This year the theme is Water. We have been asked to bring a vial of “local” water from home to carry through the “gateway” and to be used in some of the rituals also.

There is a large sacred bonfire lit at a ceremony the first night and it is kept lit throughout the entire event.  It is a quiet space for meditation.   I have fond memories of sitting by the bonfire, enjoying the peacefulness and just breathing in the fresh air at various times throughout the four days. I am looking forward to doing so again.

Many of the women decorate their area of the cabin with magical and spiritual items and some even set up small altars. I am looking forward to planning with Mama Kelly an altar four our area of the cabin. I’m not sure what I’m bringing yet, but probably a large shell (since the theme is water), and perhaps some crystals. No candles are allowed in the cabins, of course.

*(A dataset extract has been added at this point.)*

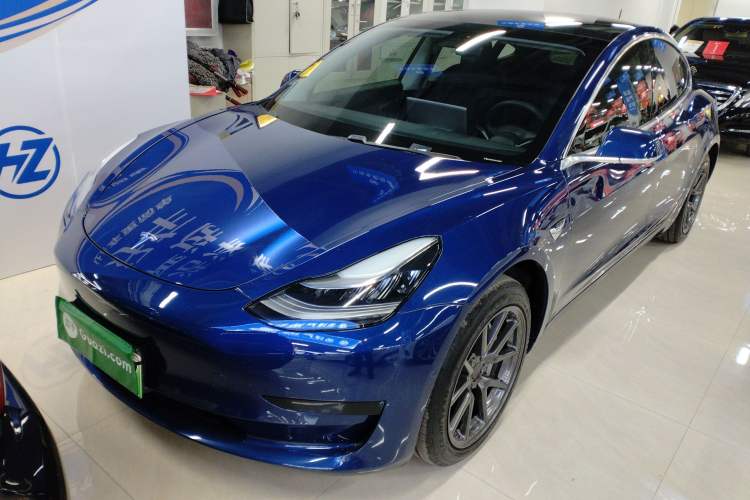Used Tesla Model 3 2019 Standard Range Rear-Drive Upgraded Version
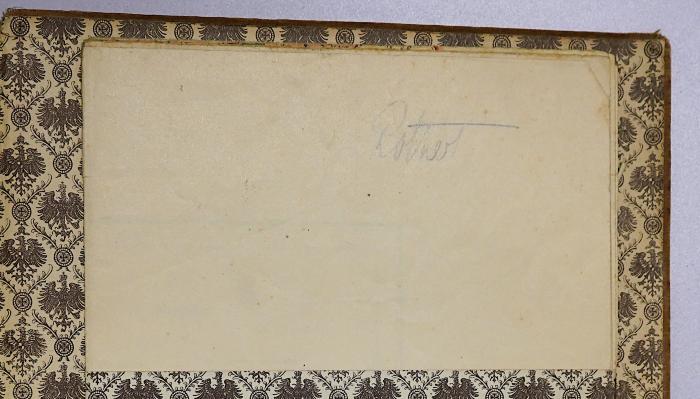 W 933 Jah : Zwanzig Jahre deutscher Kulturarbeit. Tätigkeit und Aufgaben neupreußischer Kolonisation in Westpreußen und Posen (1907);- (Rothert, Hermann (1)), Von Hand: Autogramm, Name; 'Rothert'.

I’ll also be bringing my drum and tarot cards for two of the classes.

I can already feel my heart and spirit beginning to soar as I daydream of the four days on sacred ground, immersed in learning, drumming, chanting, circling, and best of all sharing it with my best friend and heart-sister, Mama Kelly.

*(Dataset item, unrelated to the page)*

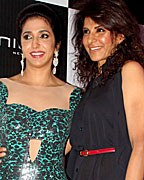 Krishika Lulla and Anita Raj Krishika Lulla and Anita Raj
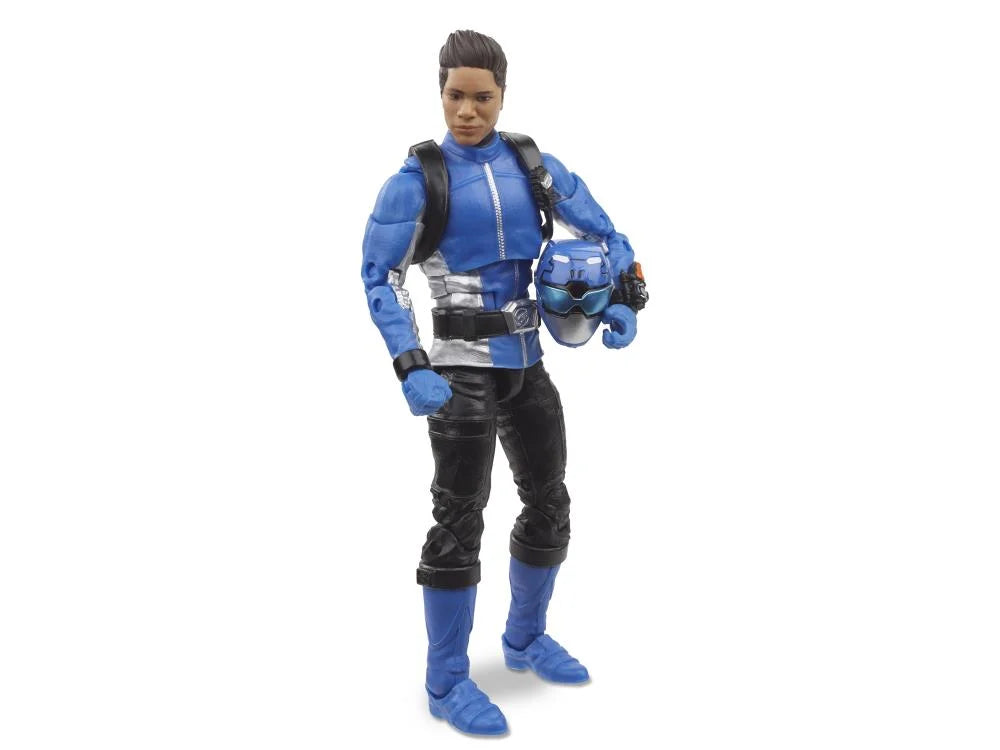 Power Rangers Beast Morphers Lightning Collection Blue Ranger Action Figure - Collectible Toy for Kids & Fans - Perfect for Display, Play & Gifts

Wishing every one a joyous weekend and bright blessings, Lady Rose

Jun
10th

Reclaiming My Power

Reclaiming My Power
by Lady Rose

My body has been bruised, misused, and neglected.
My body has been shared, caressed, and served me well.
My body ages with time, scarred and often aches.

My heart has been broken and my words twisted.
My feelings have been stomped and thoughts betrayed.
My heart has trusted, loved and been loved in return.

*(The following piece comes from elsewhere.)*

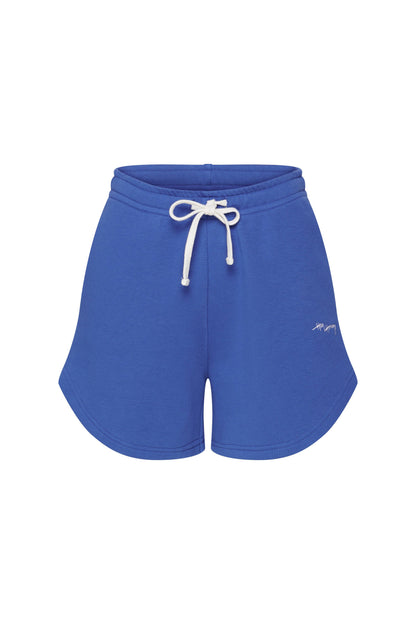 Hey Honey Boxing Sweat Shorts Royal Blue Aufgeweckt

My time has been wasted, stolen and slips away.
My energy has been drained, misdirected and misguided.
My time has been enjoyed and my energy shared, creative and healing.

I can share my body, heart and mind, and even my time.
But my power is my own, if I give it away then all is lost.
By reclaiming my power, my soul is whole.

My soul empowered life unfolds as it should.
Meaning and balance can be found within the chaos.
My body, heart and mind are renewed, and can be joyfully shared.

So mote it be.

***************

Note: this poem was in my head when I woke up one morning just before our trip to Womon Gathering 2007, my heart, mind, and spirit were focused on the event and beginning the Pilgrimage Back To Myself.

(poem cross posted on Diet Pulpit and Stir the Cauldron)

May
13th

Spiritual Empowerment

It was not until I was in my 40s that I decided I was definitely going to get a few tattoos.   So far I have two (and at least 3 maybe 4 others I will get in the future).  Each design chosen and placement has a special meaning to me.  I made the decision because for me it was about making a statement, a permanent declaration that I Am A Witch, claiming my power, using my body as a magical totem, a daily reminder that I have decidated my path to spirituality, connecting with nature, and saying to the world I don’t care what any one thinks it’s ok to be ME, it’s ok to be a witch, and accepting myself regardless of what others think.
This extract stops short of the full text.